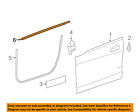 1177250282 Mercedes-benz Door Window Sweep-belt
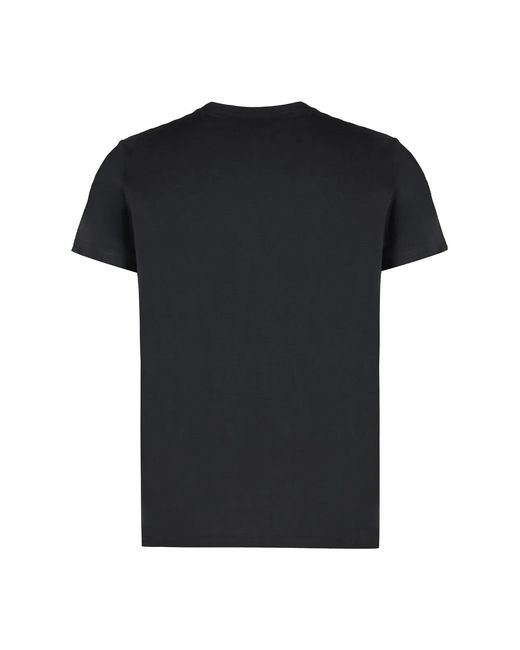 K-Way Black Le Vrai Edouard Cotton Crew-Neck T-Shirt for men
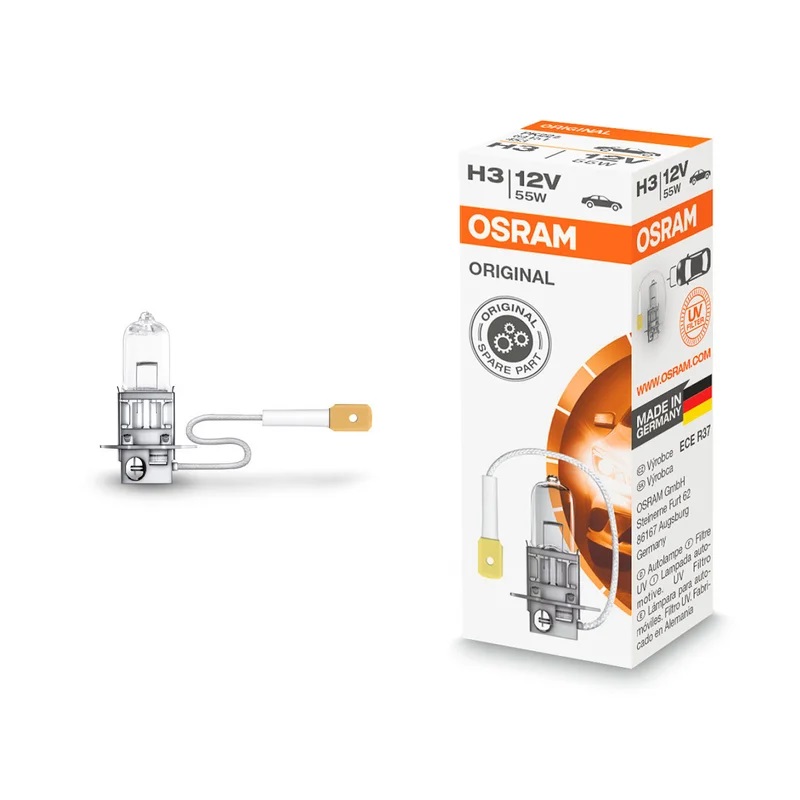 Lampada Halogênica H-3 12V 55 Watts - 64151 Osram Lampada Halogênica H-3 12V 55 Watts - 64151 Osram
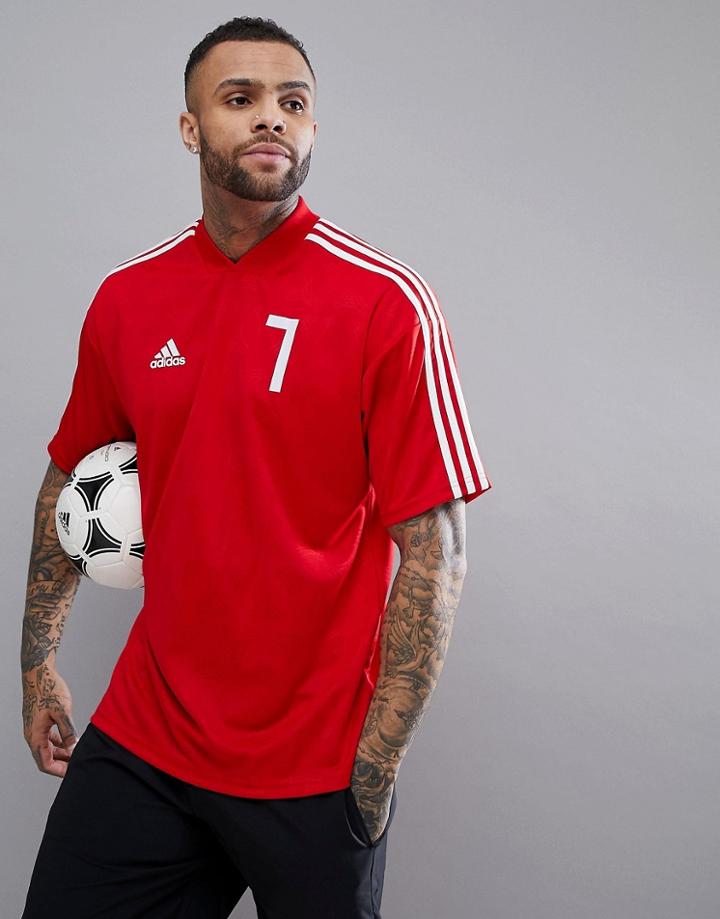 Adidas Soccer Tanip Icon T-shirt In Red Cd8343 - Red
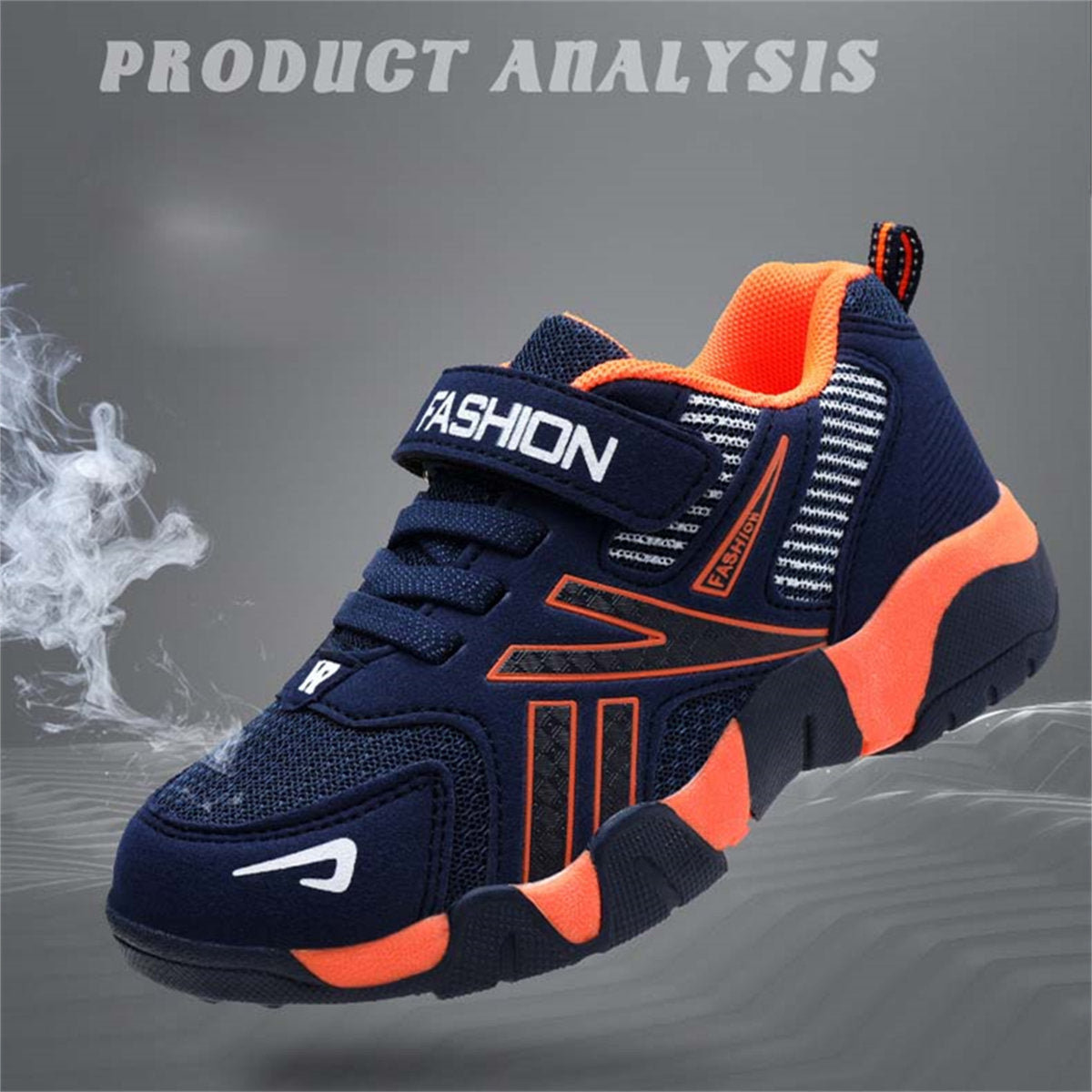 Medium and large boys' color matching cool style warm sports casual versatile sports shoes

* * * * * * *

=== PROBLEM DETAILS ===
Since the copy must exclude the pictures, transcribe only the text of the records, word for word.

=== SOLVED PROBLEM ===
 1177250282 Mercedes-benz Door Window Sweep-belt
 K-Way Black Le Vrai Edouard Cotton Crew-Neck T-Shirt for men
 Lampada Halogênica H-3 12V 55 Watts - 64151 Osram Lampada Halogênica H-3 12V 55 Watts - 64151 Osram
 Adidas Soccer Tanip Icon T-shirt In Red Cd8343 - Red
 Medium and large boys' color matching cool style warm sports casual versatile sports shoes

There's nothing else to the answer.